● **Items listed in a dataset**
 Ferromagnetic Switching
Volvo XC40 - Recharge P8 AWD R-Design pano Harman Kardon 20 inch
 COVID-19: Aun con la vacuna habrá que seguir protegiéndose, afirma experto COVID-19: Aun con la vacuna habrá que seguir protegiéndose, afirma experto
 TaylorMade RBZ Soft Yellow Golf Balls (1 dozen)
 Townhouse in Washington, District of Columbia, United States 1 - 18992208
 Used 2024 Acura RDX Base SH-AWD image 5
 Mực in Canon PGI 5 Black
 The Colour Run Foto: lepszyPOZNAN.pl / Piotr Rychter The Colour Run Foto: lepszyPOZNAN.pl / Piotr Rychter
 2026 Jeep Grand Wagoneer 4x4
--
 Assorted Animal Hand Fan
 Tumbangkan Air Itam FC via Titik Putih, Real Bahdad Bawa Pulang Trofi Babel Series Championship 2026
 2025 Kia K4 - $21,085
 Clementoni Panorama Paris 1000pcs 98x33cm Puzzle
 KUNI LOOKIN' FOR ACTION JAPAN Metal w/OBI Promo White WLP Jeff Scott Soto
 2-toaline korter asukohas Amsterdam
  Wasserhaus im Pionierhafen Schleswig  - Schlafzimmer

● **What you have to do**
In the records above, the line with "Ferromagnetic Switching" marks the start and the line with "Mực in Canon PGI 5 Black" marks the end; copy that stretch exactly, both lines included, and nothing else.

● **Completed exercise**
 Ferromagnetic Switching
Volvo XC40 - Recharge P8 AWD R-Design pano Harman Kardon 20 inch
 COVID-19: Aun con la vacuna habrá que seguir protegiéndose, afirma experto COVID-19: Aun con la vacuna habrá que seguir protegiéndose, afirma experto
 TaylorMade RBZ Soft Yellow Golf Balls (1 dozen)
 Townhouse in Washington, District of Columbia, United States 1 - 18992208
 Used 2024 Acura RDX Base SH-AWD image 5
 Mực in Canon PGI 5 Black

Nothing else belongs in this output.